Boomers’ lives were defined by a war they have no memory of. Millennials fear a war they can never survive. Generation X: we knew war. Some of us fought and died in the Falklands, in Bosnia, in Afghanistan, in Iraq. Some of us protested those wars. We lived through the mistakes and we can make sure they don’t happen again.

Yes, Generation X had some things easy. We were paid by the state to go to university. We’re the last generation to be able to afford home ownership and get a mortgage. We remember when it was easier to get a job. Then again, we remember Thatcher. We remember three million unemployed. We remember the systematic destruction of UK heavy industry. We remember when interest rates hit 17 per cent.

Generation X is unique because nobody has had lives like we’ve got. Boomers were old by the time they were 40; millennials have yet to hit that milestone. Generation X is pushing back the envelope of old age, through attitude and health, like never before. We can do the shopping and read comic books and pay the bills and play video games. We can “adult” all you like, but we’re still kids at heart.

The problem with you millennials and boomers, though you’d never admit it, is you’re too alike.

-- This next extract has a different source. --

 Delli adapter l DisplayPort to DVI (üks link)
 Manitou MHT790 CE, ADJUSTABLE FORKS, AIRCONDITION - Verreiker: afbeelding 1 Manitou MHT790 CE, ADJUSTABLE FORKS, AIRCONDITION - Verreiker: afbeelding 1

You’re both insular, in different ways. You’re both selfish. You’re both so blinkered, you think you’re the only two factions in this petty little fight of yours.

You forgot about Generation X.

But don’t fret, we’re still here. Working hard, playing hard, innovating, learning from the past and planning the future. So have your little generational war, and when you’re done, don’t worry.

We’re Generation X, and we've got this.